= Nike Women's Advertising =

Nike Women's Advertising is Nike advertisements towards women.

Although Nike started aggressively advertising towards women in the 1990s, they were not the first athletic company to promote their products towards women. According to Shelly Lucas's article, "Nike's Commercial Solution: Girls, Sneakers, and Salvation", "In 1981, Reebok, one of Nike's competitors in the athletic shoe industry, chose to make women its primary target market." Because aerobics became popular among women, Reebok pursued that opportunity by advertising towards women. Nike executives, however, did not view aerobics as a sport, and as a result, did not immediately take advantage of the opportunity.

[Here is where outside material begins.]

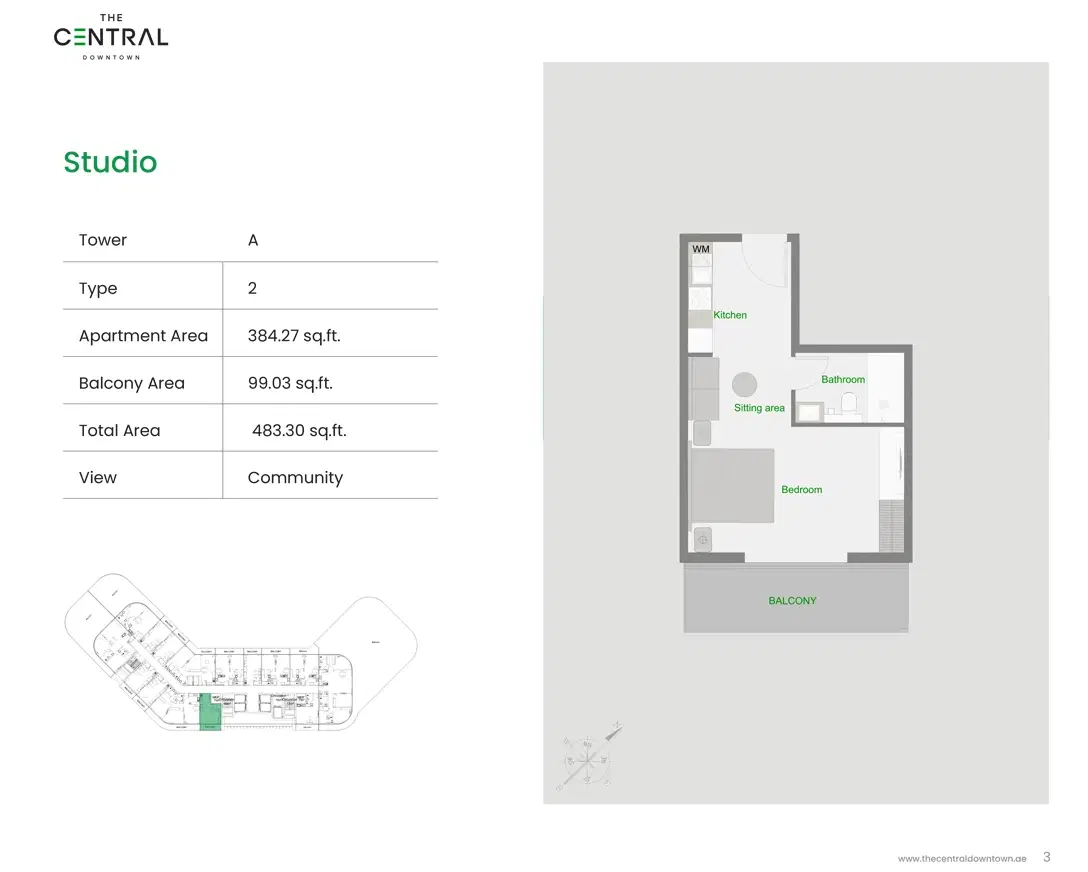 The Central Downtown Arjan Dubai Studios Floor Plan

Eventually, Reebok's strategic move to advertise towards women proved to be a success, showing a 13% rise in market share (while Nike's market share was declining by 28%). Prior to 1987, there were no Nike advertisements directed toward women, because it was believed that it would compromise Nike’s authentic and serious sports image. Finally, in 1987, Nike slowly changed course, with more women in its advertisements, but it was not really until the 1990s that it ramped up its focus on woman as an athlete, to compete with Reebok. Initially, ads in 1987 were too aggressive and failed to appeal to women. Nevertheless, many people considered the 1987 ads to be a failure. Three years later, Nike advertised in a different way, this time creating ads that targeted women’s emotions, and giving them a feeling, and sense, of community. According to Shelly Lucas, Nike created a team of
   ...about 40 female employees from various Nike, and Wieden & Kennedy (Nike's advertising agency) departments, and let this team work "together on new women’s campaign". This team of women eventually created advertising campaigns revolving around three "big ideas": empowerment, entitlement, and product emphasis; these became influential among women throughout the nation, according to Jean Grow and Joyce Wolburg.